There is no doubt the U.S. will remain the most significant military force on the planet for decades: its military spending accounts for 43 per cent of global military expenditure, against China's estimated 7.3 per cent and Russia's 3.6 per cent. The U.S. has 11 aircraft carriers to the rest of the world's eight — and its air power is a generation ahead of the competition. However, the cuts will mean U.S. resources will be more narrowly focused: targeting potential Chinese expansion in the Pacific, and using intelligence-led operations to contain terrorism-related threats. The days of grand expeditionary warfare in the Middle East are at an end.

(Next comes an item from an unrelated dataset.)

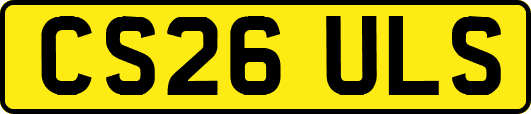 CS26ULS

India can't say it wasn't warned: for years now, the U.S. has been doing so. In his 2006 State of the Union address, President George W. Bush set America on a new course towards oil independence. “America is addicted to oil,” he warned. He vowed to “make our dependence on Middle Eastern oil a thing of the past.” Few paid attention, because past Presidents like Jimmy Carter had said much the same thing, to little avail — but the figures show it is now happening.
“Persian oil,” as Franklin D. Roosevelt said to a British diplomat in 1944, “is yours. We share the oil of Iraq and Kuwait. As for Saudi Arabian oil, it's ours.” To that end, the West propped up tyrannies — giving birth to a host of political obscenities.
India, China and the other Asian powers whose future prosperity depends on access to the Devil's Excrement are the future inheritors of the disorder western withdrawal will leave behind. They must begin to together prepare for the fallout, or together pay the price.